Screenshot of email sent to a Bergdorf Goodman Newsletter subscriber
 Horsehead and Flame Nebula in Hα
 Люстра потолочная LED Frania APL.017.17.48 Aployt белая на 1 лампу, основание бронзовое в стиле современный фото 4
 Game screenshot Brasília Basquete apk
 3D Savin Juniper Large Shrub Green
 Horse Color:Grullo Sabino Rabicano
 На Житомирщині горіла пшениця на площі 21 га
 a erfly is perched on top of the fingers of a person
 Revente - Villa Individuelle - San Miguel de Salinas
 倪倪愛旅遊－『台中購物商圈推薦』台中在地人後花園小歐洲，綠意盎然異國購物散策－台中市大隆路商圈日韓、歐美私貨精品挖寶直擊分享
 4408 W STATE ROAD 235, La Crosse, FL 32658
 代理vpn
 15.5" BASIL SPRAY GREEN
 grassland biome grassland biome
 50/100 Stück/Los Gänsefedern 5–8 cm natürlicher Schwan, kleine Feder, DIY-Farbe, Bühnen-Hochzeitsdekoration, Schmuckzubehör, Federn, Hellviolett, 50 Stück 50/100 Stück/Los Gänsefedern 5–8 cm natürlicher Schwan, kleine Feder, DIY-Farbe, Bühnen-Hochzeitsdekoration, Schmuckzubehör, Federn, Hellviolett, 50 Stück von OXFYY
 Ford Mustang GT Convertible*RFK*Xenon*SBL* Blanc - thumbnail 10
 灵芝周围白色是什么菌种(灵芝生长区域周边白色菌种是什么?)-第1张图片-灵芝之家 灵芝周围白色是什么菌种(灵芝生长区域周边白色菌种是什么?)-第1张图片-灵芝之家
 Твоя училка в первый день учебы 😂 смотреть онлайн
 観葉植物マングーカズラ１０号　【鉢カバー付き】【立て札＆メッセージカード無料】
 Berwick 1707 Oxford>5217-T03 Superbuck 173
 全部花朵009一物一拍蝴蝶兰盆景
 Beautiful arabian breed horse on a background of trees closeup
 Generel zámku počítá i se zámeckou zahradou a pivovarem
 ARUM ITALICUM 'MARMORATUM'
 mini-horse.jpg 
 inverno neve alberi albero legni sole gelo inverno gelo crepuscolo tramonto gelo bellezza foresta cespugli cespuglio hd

——————————

*WHAT THE TASK REQUIRES:* None of the lines before the one containing "Generel zámku počítá" belong in the answer; reproduce that line and all later lines of the records exactly.

*RESPONSE AREA:*
 Generel zámku počítá i se zámeckou zahradou a pivovarem
 ARUM ITALICUM 'MARMORATUM'
 mini-horse.jpg 
 inverno neve alberi albero legni sole gelo inverno gelo crepuscolo tramonto gelo bellezza foresta cespugli cespuglio hd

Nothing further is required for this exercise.